Repeat only the stretch of lines below that runs from the line with "-Ameigo梅果·云贵川bistro(长宁来福士店)" through the line with "Украина заняла 130", unaltered.

[INPUT DATA Boundary: Start]

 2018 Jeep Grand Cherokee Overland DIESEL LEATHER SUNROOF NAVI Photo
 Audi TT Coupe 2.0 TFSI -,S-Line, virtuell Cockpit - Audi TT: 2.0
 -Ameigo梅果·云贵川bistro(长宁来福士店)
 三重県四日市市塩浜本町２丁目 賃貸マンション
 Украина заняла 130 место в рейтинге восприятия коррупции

[INPUT DATA Boundary: End]
[INPUT DATA Boundary: Start]

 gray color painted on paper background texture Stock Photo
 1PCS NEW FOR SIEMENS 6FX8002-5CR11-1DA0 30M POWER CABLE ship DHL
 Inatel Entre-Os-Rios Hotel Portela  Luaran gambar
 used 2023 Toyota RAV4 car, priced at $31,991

[INPUT DATA Boundary: End]
[INPUT DATA Boundary: Start]

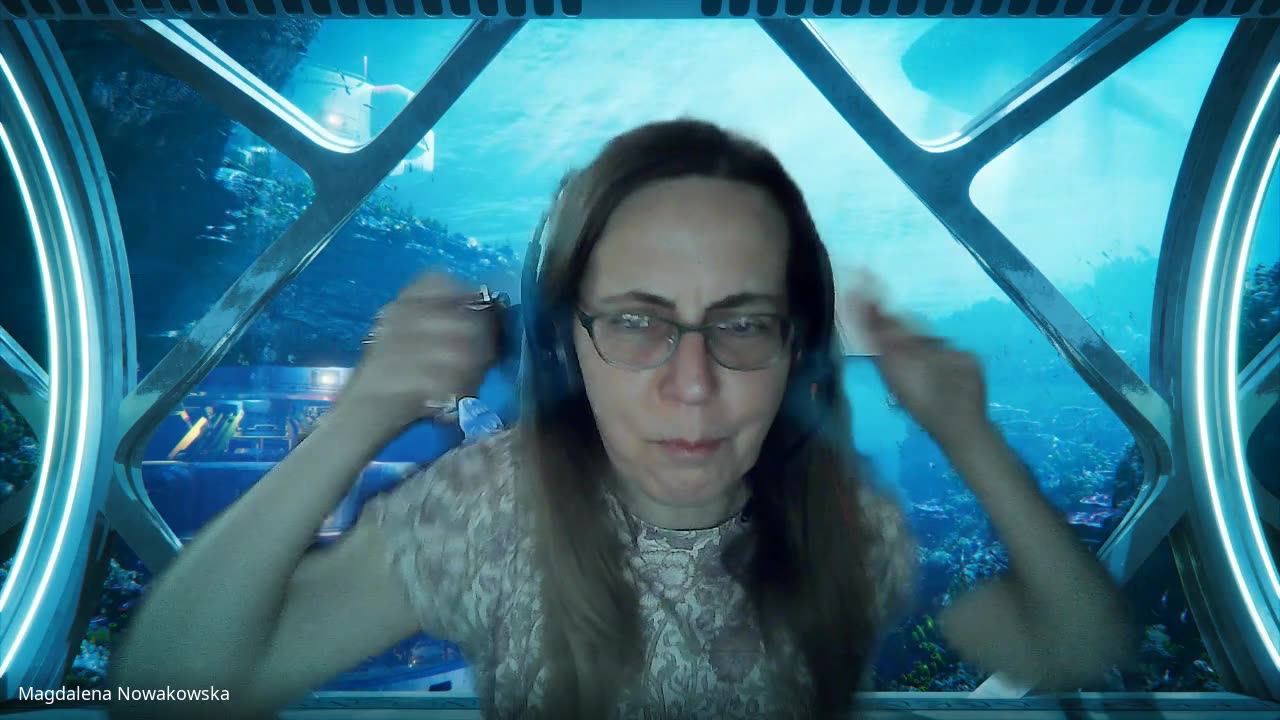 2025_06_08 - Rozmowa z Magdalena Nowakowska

[INPUT DATA Boundary: End]

● EXERCISE SOLUTION:
 -Ameigo梅果·云贵川bistro(长宁来福士店)
 三重県四日市市塩浜本町２丁目 賃貸マンション
 Украина заняла 130 место в рейтинге восприятия коррупции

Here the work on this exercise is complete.